= Daniel Grossman (physician) =

American obstetrician, gynecologist, and medical researcher

Daniel Grossman is an American obstetrician, gynecologist, and medical researcher. He is a professor in the Department of Obstetrics, Gynecology & Reproductive Sciences at the University of California, San Francisco, where he is also the director of the collaborative research group Advancing New Standards in Reproductive Health (ANSIRH). He is also an investigator for the Texas Policy Evaluation Project (TxPEP) and a senior advisor at Ibis Reproductive Health. In 2013, he received the Felicia Stewart Advocacy Award from the American Public Health Association.

==Education and career==
Grossman received his B.S. from Yale University and his M.D. from Stanford University. He later completed his residency in obstetrics and gynecology at the University of California, San Francisco. In 2005, he left the Population Council, where he had been working in Mexico City as their Health Specialist, to work for Ibis. He later became Ibis' vice president for research before leaving this position to become the director of ANSIRH.

==Research==
Grossman's most recent research mainly focuses on access to contraception and safe abortion.
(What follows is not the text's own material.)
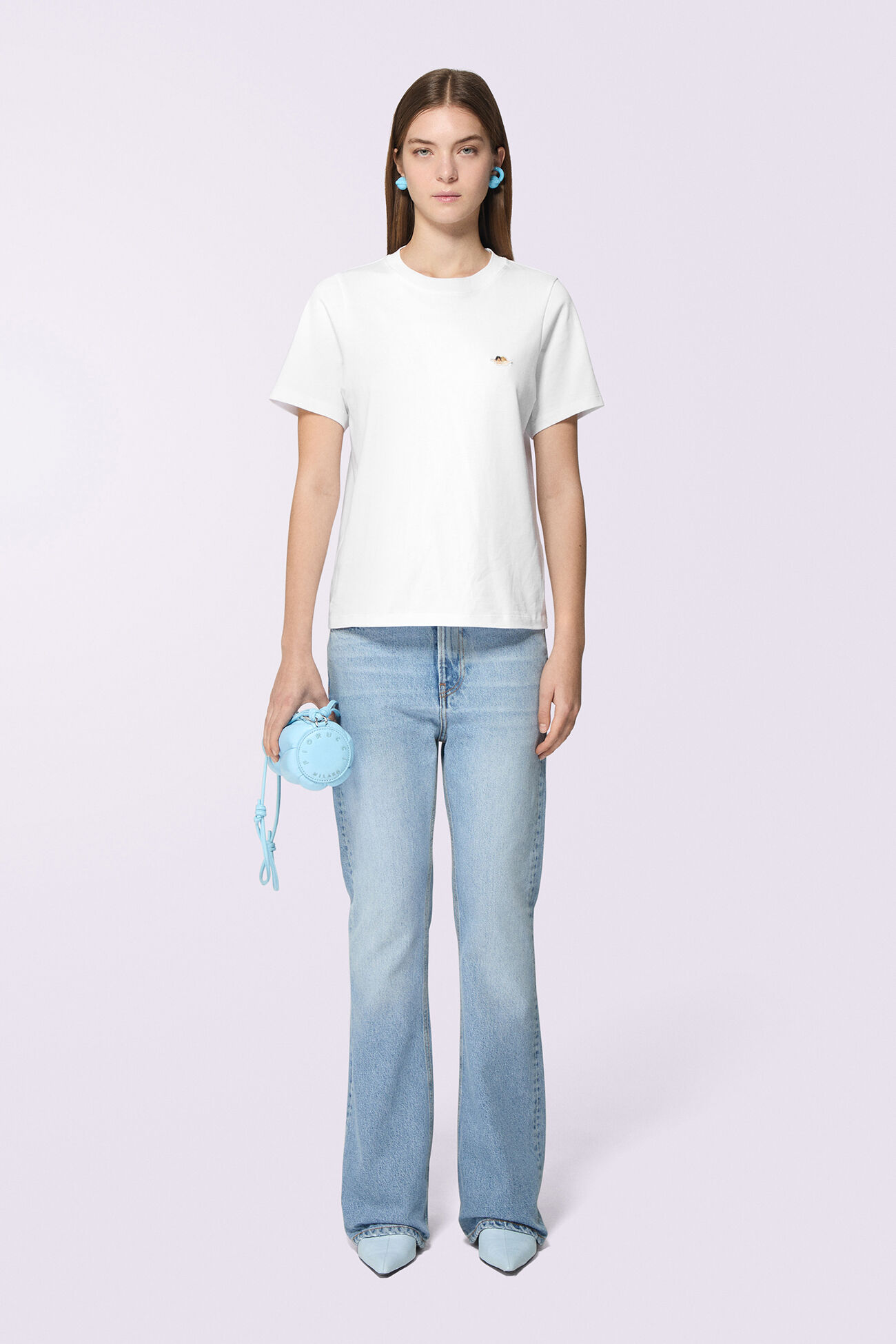 Unisex Heart Flare Jeans Light Blue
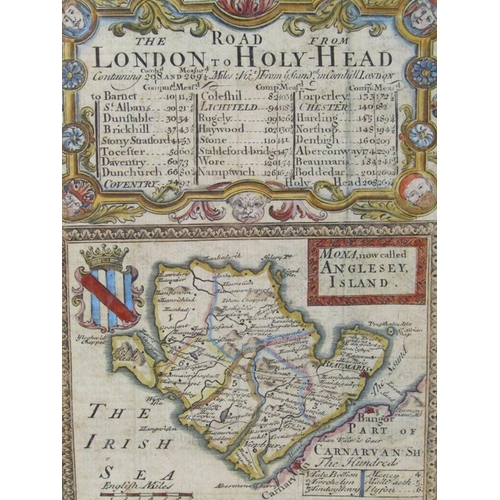 1272 - ANTIQUE ROAD MAP, LONDON TO HOLYHEAD, F/G 18 x 12 cms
For example, through his work with the Texas Policy Evaluation Project, he has studied changes in abortion access and rates of self-induced abortions in Texas after the state passed Texas Senate Bill 5, a restrictive abortion law, in 2013. He later served as a key witness in Whole Woman's Health v. Hellerstedt, the 2016 Supreme Court case regarding the constitutionality of the law. In 2017, he published another study on the law's effects which showed that the law reduced the abortion rate in rural parts of the state by almost half, while having little effect on the abortion rate in either urban areas or areas where the distance to the nearest clinic did not change significantly.